In Baker’s (Death of a Prince, 2013, etc.) novel, Marian Reid is a mother determined to gain custody of her autistic son—40 years later.
Marian has secrets, but until her 40th high school reunion, most of those secrets had stayed hidden. She’s the owner of Reid’s Ritzy Rags, a secondhand clothing store in Galveston, Texas, on Ledbetter Street. The store owners on Ledbetter Street are like a family: Eva, who owns Coffee & More across the street, is Marian’s best friend and confidante. Just as Marian and her high school boyfriend, Bryan Mosley, reconnect, her life gets more complicated. Unbeknownst to Bryan, the reason Marian left town the summer before senior year was to have their baby, Robert. Marian’s mother forced her to give him up for adoption. Later, Robert was discovered to have autism and thrust into foster care. Dorothy, Robert’s foster mother and guardian, allowed Marian to visit Robert and build a relationship with him over the years. The courts deemed Dorothy a good caretaker for Robert, but when she is diagnosed with Alzheimer’s, Marian must enter into her third custody battle for Robert, now 40 years old. Thanks to Marian’s mother, all of Marian’s past struggles are brought to light during the hearing. But Marian, knowing she understands his needs, is determined to get custody of her son. Baker, a judge, draws from her knowledge of the law as she has in her previous novels but this time moves away from the mystery genre.

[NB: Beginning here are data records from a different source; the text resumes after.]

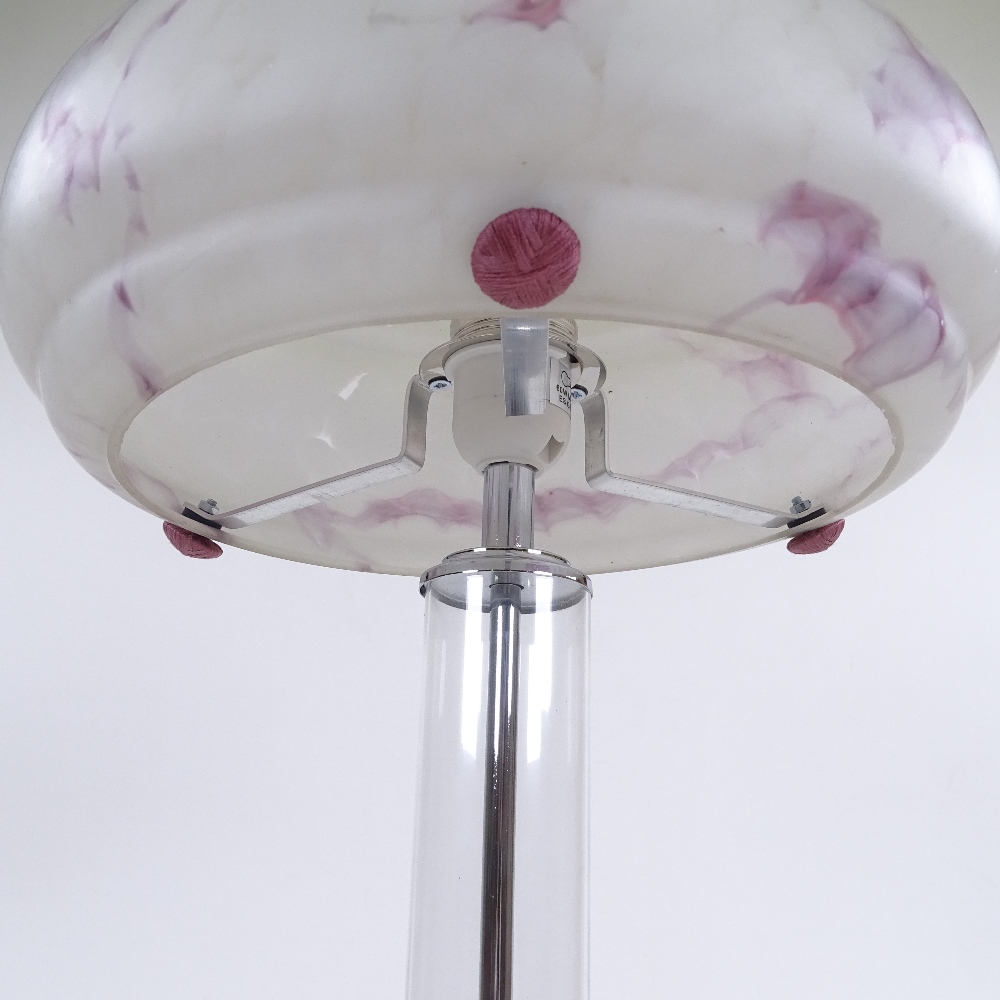 SCANDI-FRANCAIS LUMIERE ET GLASS - a unique English pink and white marbled glass table lamp, on - Image 4 of 5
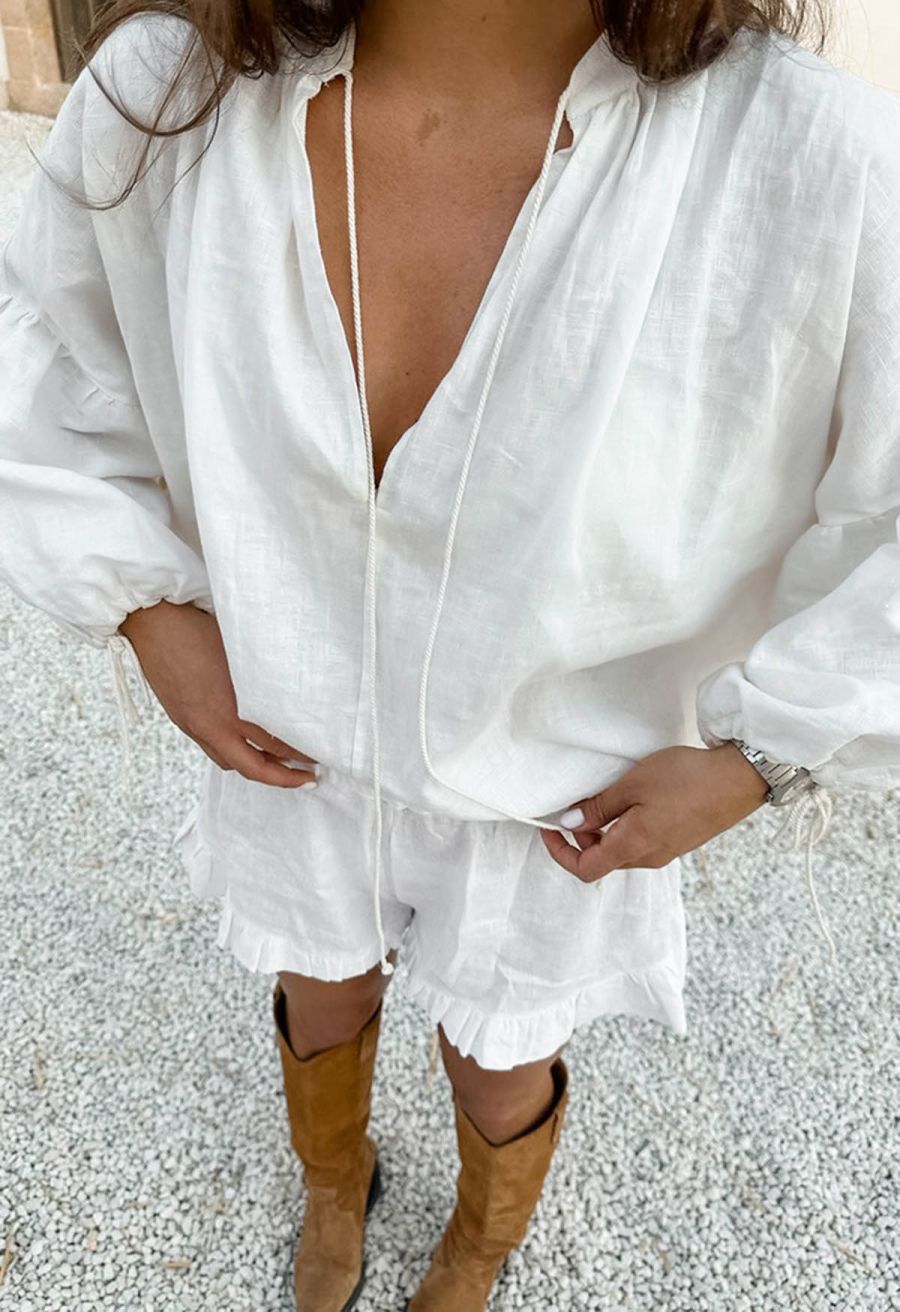 Lantern Sleeve Drawstring Shirt and Shorts Set in White
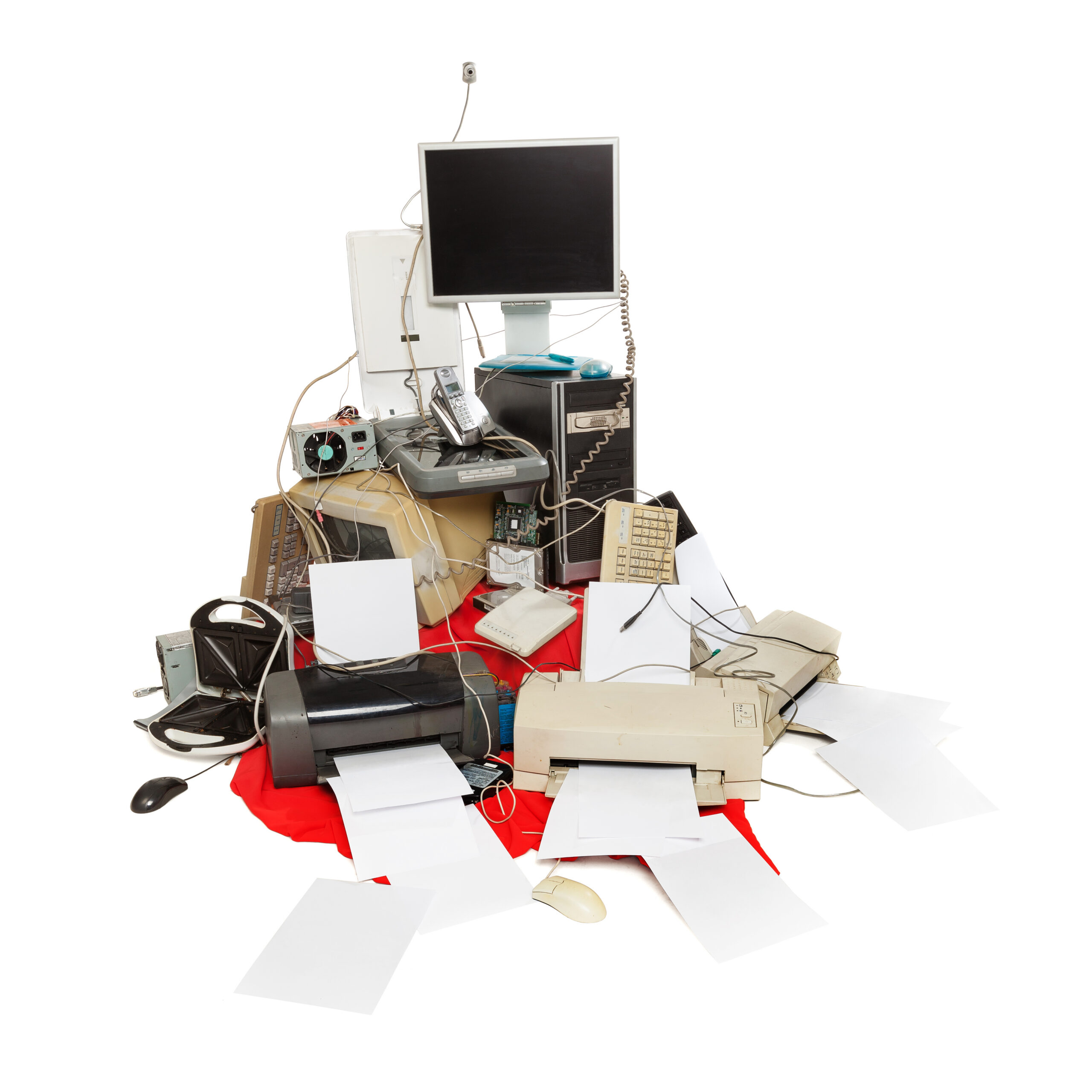 office moving team carrying equipment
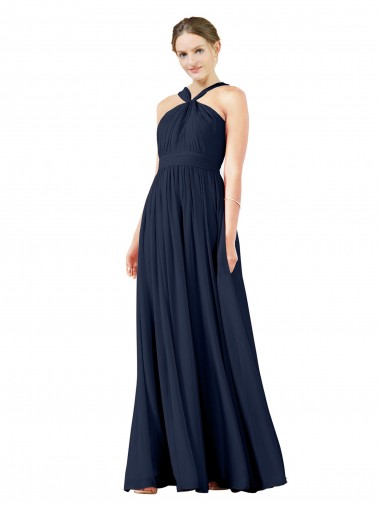Best High V-Neck Floor Length Chiffon Bridesmaid Dress Sydney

When Marian can’t rely on her mother or even her old boyfriend, she learns she can rely on the people of Ledbetter Street to support and sustain her. Although Marian is caught up in her own courtroom drama, she takes time to help a young battered woman. Baker introduces the many characters of Ledbetter Street, painting a picture of Galveston’s community of artists and business owners as well as the homeless and downtrodden—a welcome layer to the story despite an already full plot. Those many plot threads cause the book to feel a bit bloated, which distracts from its heartwarming message. Still, punchy writing and a colorful cast of characters rescue the novel.
In a departure from her mystery novels, Baker uses her knowledge of the law to compellingly depict a riveting custody battle.